The next sequence, however, indicates more than any other the change that makes Scrooge become the man we are introduced to in the beginning of the story. Scrooge is forced to watch as his former fiancee, Belle, breaks off their engagement. Her reasoning is telling:
`Another idol has displaced me; and if it can cheer and comfort you in time to come, as I would have tried to do, I have no just cause to grieve.'Scrooge is afraid of falling back into poverty, so he has focused all his energies into gaining wealth. His "nobler passions" have been displaced by this overriding concern. Belle recognizes that the man he has now become would never have chosen her, "a dowerless girl," to marry. All he cares about is money. He has lost the capacity to value anything else.
`What Idol has displaced you?' he rejoined.
`A golden one.'
`This is the even-handed dealing of the world,' he said. `There is nothing on which it is so hard as poverty; and there is nothing it professes to condemn with such severity as the pursuit of wealth.'
`You fear the world too much,' she answered, gently. `All your other hopes have merged into the hope of being beyond the chance of its sordid reproach. I have seen your nobler aspirations fall off one by one, until the master-passion, Gain, engrosses you.
The final vision is the only one in which Scrooge's younger self is not present. It functions as an epilogue to the last one. We have already seen where Scrooge's path has taken him; now we see Belle with husband and family. This is the life Scrooge could have had; one which he gave up for what he has now. The time frame is seven years earlier; Marley is lying on his deathbed, and even Belle's husband pities Scrooge, who is "quite alone in the world."
Scrooge gains one major thing in this section of the novella: he relearns the ability to view things from outside his own point of view. He recognizes himself as someone who could be seen as pitiable, not simply as the astute businessman he had regarded himself as before. More importantly, he learns to identify with others. He sees them in the images of his earlier self and in the people who were parts of his life before. His young self alone at the boarding school makes him think of the caroler whom he had frightened away; his sister fan makes him think of his nephew; his regard for Fezziwig makes him think of his own relationship with Bob Cratchit. In each case, he wishes he could have taken a different approach with someone he had met earlier in the day. That ability--to see ourselves in others, and to see ourselves as others see us--could have changed his whole life.
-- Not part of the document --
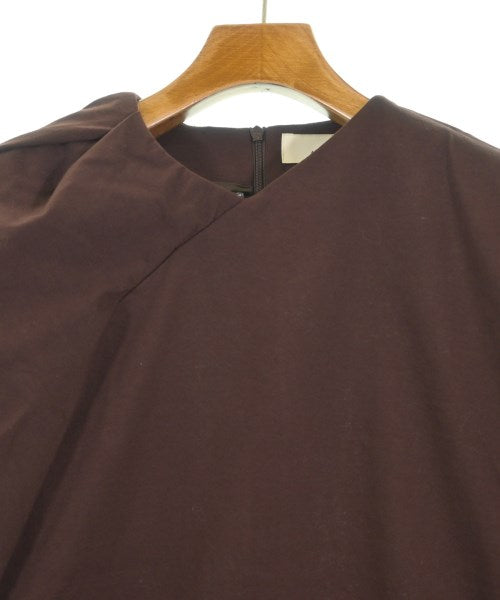 AKIRA NAKA เสื้อยืด/เสื้อท็อปส์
How often do we get stuck in our own heads, seeing only our own point of view? How often do we dismiss others' feelings and concerns, just because they don't fit the template of what we consider important? And in what ways have we changed, slowly, imperceptibly, over time? We focus on something because it seems necessary, because we're afraid of what will happen to us if we don't focus on it. And then it becomes the only way in which we can view life. It's so easy for our "nobler passions" to be replaced. We need consciously, actively, to fight that tendency and keep that from happening.